** Opening PROVIDED DATA block **

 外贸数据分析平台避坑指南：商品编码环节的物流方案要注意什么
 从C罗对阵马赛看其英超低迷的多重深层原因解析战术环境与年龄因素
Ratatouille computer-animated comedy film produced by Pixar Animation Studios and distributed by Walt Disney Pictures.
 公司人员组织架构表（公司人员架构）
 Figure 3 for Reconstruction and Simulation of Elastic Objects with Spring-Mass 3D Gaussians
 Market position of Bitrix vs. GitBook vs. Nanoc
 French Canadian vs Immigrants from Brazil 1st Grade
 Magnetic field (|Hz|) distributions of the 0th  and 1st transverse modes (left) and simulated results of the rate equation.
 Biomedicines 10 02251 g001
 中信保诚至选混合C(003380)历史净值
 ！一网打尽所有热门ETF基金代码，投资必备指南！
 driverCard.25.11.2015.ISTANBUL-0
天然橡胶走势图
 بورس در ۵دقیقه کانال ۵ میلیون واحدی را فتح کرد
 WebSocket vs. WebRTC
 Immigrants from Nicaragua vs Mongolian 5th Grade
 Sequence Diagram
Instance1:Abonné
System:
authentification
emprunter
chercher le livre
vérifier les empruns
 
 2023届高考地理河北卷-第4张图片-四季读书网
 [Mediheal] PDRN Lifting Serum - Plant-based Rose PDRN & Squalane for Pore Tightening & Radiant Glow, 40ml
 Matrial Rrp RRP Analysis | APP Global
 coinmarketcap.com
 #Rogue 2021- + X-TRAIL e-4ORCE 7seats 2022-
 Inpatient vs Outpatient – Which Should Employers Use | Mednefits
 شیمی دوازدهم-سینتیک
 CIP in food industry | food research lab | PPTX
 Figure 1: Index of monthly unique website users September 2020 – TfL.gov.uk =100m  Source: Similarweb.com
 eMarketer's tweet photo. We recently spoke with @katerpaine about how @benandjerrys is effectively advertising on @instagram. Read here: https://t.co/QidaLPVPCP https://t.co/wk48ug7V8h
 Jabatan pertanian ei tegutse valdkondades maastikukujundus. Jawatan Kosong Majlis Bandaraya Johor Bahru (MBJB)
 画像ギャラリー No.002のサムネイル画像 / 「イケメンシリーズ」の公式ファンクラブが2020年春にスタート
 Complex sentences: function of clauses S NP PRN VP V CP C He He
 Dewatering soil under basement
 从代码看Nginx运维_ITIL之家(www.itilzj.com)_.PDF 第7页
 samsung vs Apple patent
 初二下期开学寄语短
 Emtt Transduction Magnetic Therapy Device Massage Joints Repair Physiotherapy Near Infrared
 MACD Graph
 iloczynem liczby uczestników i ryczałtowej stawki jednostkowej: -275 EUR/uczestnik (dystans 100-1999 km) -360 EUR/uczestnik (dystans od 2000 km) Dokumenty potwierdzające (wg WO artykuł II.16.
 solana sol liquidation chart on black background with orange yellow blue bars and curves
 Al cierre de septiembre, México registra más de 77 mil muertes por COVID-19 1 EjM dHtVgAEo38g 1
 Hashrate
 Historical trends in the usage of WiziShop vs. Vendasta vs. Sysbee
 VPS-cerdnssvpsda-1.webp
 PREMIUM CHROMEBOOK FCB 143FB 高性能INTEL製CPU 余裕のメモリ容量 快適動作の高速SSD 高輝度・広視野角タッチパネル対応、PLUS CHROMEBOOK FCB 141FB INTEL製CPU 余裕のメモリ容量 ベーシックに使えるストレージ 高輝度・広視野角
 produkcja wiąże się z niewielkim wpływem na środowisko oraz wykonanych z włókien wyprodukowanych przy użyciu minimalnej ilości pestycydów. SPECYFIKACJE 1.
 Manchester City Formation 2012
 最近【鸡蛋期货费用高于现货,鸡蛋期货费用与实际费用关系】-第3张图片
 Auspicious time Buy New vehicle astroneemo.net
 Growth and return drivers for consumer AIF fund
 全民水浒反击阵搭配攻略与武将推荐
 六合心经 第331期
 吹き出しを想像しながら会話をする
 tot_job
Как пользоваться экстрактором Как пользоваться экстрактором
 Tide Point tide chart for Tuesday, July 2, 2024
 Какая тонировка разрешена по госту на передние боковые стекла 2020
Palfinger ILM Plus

** Closing PROVIDED DATA block **

* TASK BRIEF:
Write out exactly the lines that fall from the line with "authentification" to the line with "CIP in food" in the records above, keeping both ends.

* EXERCISE OUTPUT:
authentification
emprunter
chercher le livre
vérifier les empruns
 
 2023届高考地理河北卷-第4张图片-四季读书网
 [Mediheal] PDRN Lifting Serum - Plant-based Rose PDRN & Squalane for Pore Tightening & Radiant Glow, 40ml
 Matrial Rrp RRP Analysis | APP Global
 coinmarketcap.com
 #Rogue 2021- + X-TRAIL e-4ORCE 7seats 2022-
 Inpatient vs Outpatient – Which Should Employers Use | Mednefits
 شیمی دوازدهم-سینتیک
 CIP in food industry | food research lab | PPTX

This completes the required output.